Thursday, 1 June 2017: 10:20
Grand Salon C - Section 15 (Hilton New Orleans Riverside)
X. Qin and M. Shao (The Hong Kong University of Science and Technology)
Lithium ion batteries (LIBs) have been widely used in electric vehicles. At the same time, high capacities of batteries are required desperately, which could be realized by increasing the operational voltage of LIBs. However, side reactions occur under these high voltages at the cathode-electrolyte interface because of the instability of electrolyte components1-3, leading to electrode degradation, capacity fade and poor cycling stability of batteries and also some safety issues. Therefore, it is meaningful to understand the decomposition mechanism of organic solvents in LIBs, which could pave the way for electrode material design and battery design.
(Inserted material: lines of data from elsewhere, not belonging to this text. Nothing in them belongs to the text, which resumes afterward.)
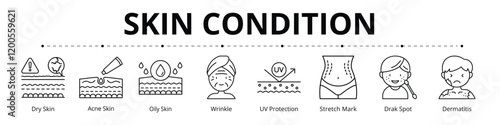 Skin Condition Line Banner Web Icon Set Vector Illustration, Dry Skin Acne Skin Oily Skin UV Protection Stretch Mark Dark Spot Dermatitis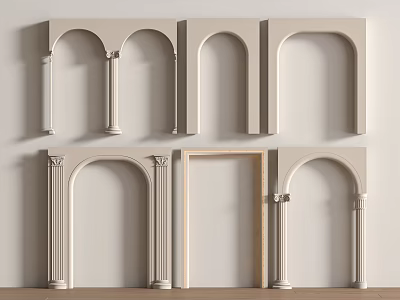 Various Arch Door Frames And Decorative Columns In Minimalist Modern Style On Light Background Wall 3d model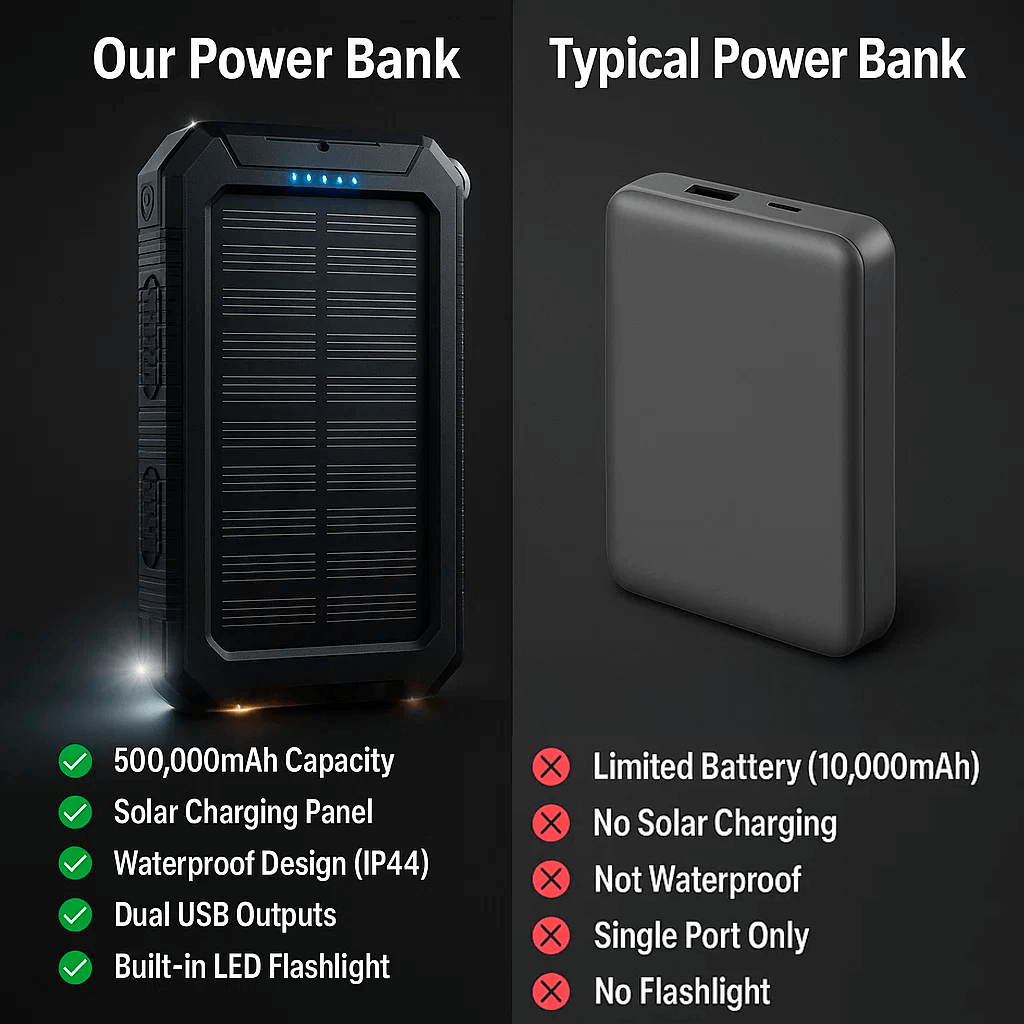 AeroVolt vodotěsná solární powerbanka 10000mAh s dvojitým USB | Temsk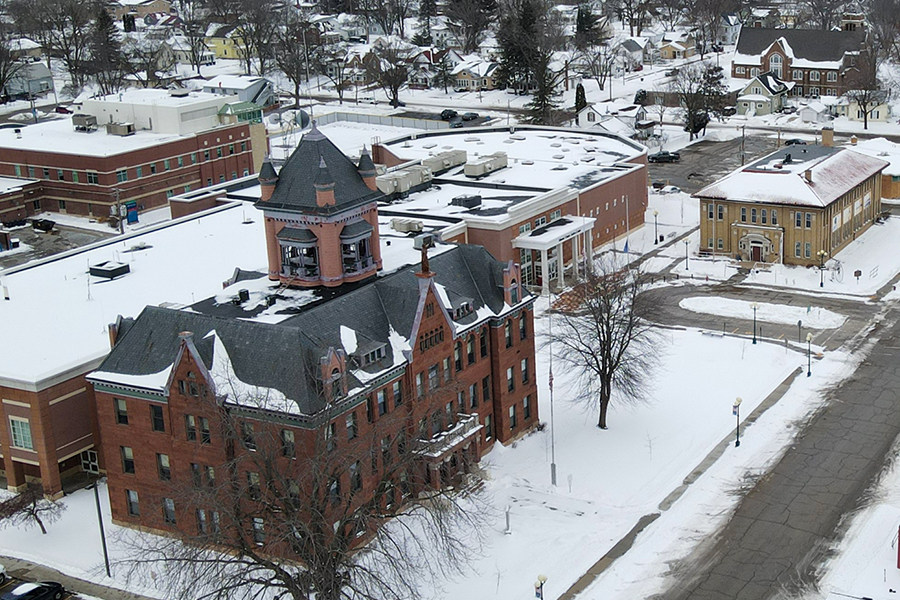 An aerial view of the historic courthouse and juscie center in Monroe County.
In this study, first-principles calculations were performed to investigate the initial stage of ethylene carbonate (EC) decomposition on the stable (110)4 surface of LixCoO2 (LCO, x=0.67, 1). For the possible initial decomposition reactions of EC on cathode surfaces, H-abstraction reaction and ring opening reaction have been proposed5, 6 and investigated on LixMnO2 surfaces7, 8. For the adsorption models of EC on LCO (110) slab, parallel (Fig. 1a) and Oc-upward (Fig. 1b) configurations were adopted, and the corresponding reaction barriers of possible reactions in two configurations were calculated by density functional theory (DFT) calculations. Climbing image nudged elastic band (CINEB) method was used to search the transition state (TS) and minimum energy path (MEP) of certain reactions.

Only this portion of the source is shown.